GAO: Government overlap costing billions
The federal government could save billions of dollars a year by streamlining its efforts in a wide range of policy areas, from autism research to AIDS initiatives, according to a new federal report.
The Government Accountability Office highlighted more than two dozen areas where the federal initiatives have too much overlap or other inefficiencies in the report, its fourth in as many years on the subject. Those findings add on to the more than 160 parts of the bureaucracy the GAO urged changes to in the previous reports.
“The federal government faces an unsustainable fiscal path. Changing this path will likely require difficult fiscal policy decisions to alter both long-term federal spending and revenue,” Gene Dodaro the U.S. comptroller general, wrote in a letter accompanying the report.
“Yet, in the near-term, executive branch agencies and Congress can act to improve the efficiency and effectiveness of government programs and activities.”
The new report found five areas in the Pentagon alone that could benefit from streamlining, including a single Air Force base that has 10 separate satellite programs operated by eight different control centers.
The Defense Department has already moved to make fixes in one of the areas cited by the GAO report, saying its seeking to consolidate efforts to search for prisoners of war and soldiers missing in action.
Elsewhere, more than 80 percent of the government’s autism research could be duplicative, the GAO found. Ten separate Health and Human Services agencies and offices gave out grants for AIDS outreach efforts to minority communities.
The Office of International Religious Freedom and the U.S. Commission on International Religious Freedom, both created by a 1998 law, have no plan for how they should interact. And the report found that the Energy Department had more than $4 billion remaining in an environmentally friendly vehicle loan program that it didn’t have any plans to use.
Sen.

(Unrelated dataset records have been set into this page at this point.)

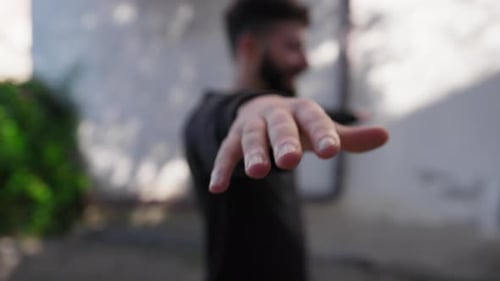 Man Waves Open Hands For Balance Exercise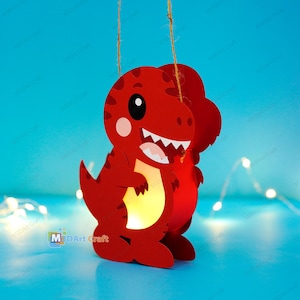 Könnte beinhalten: Eine rote, dinosaurierförmige Papierlaterne in Form eines T-Rex im Cartoon-Stil mit dunkelroten Flecken, einem weißen Bauch und spitzen weißen Zähnen. Die Laterne ist an einer dünnen Schnur aufgehängt und strahlt ein warmes, sanftes Licht aus.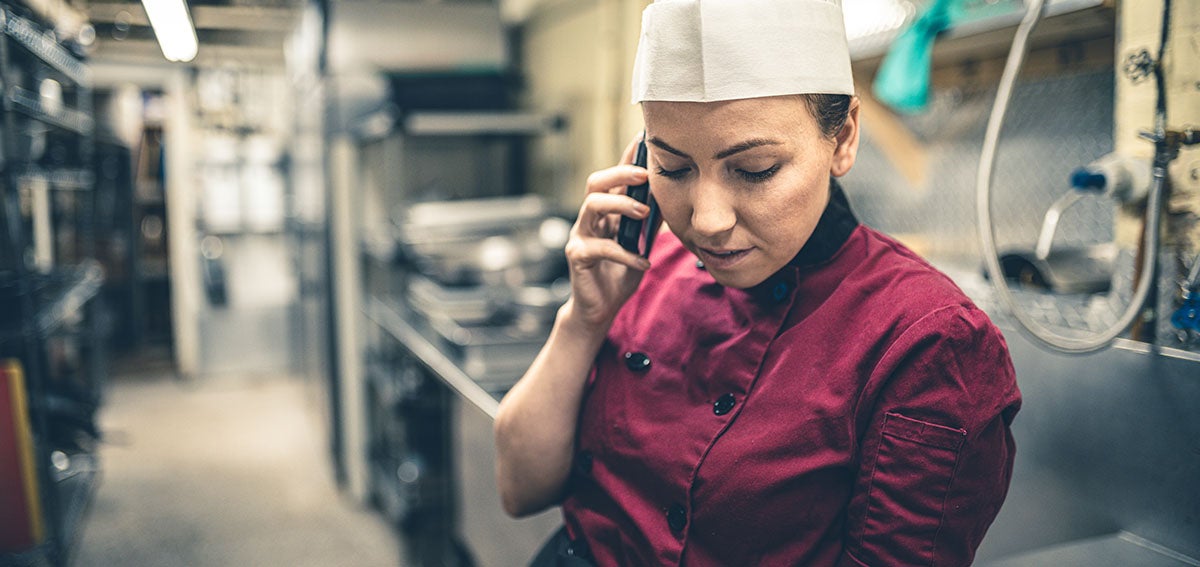 Chef taking a call on cellphone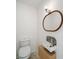 Compact bathroom showcasing a decorative sink, modern toilet, and stylish mirror at 123 Oak St, Chester, SC 29706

Tom Coburn (R-Okla.), a longtime critic of bureaucratic overlap, said in a statement that “turning this ready-made list of cuts into savings is one of the best ways Congress can regain the trust and confidence of the American people.”
But Coburn, who wrote the measure requiring the reports, also said that Congress and President Obama had yet to grab too much of the low-hanging fruit identified by the GAO.
“Congress, particularly the appropriations committees, has no excuse to not achieve these savings when GAO has already done much of Congress’ work for it,” he said.
In all, Coburn’s office says that Congress and the White House have only fully addressed about a third of the 380 recommendations contained in the first three reports. Another 44 percent were partially addressed, and almost one-fifth of the recommendations weren’t addressed at all.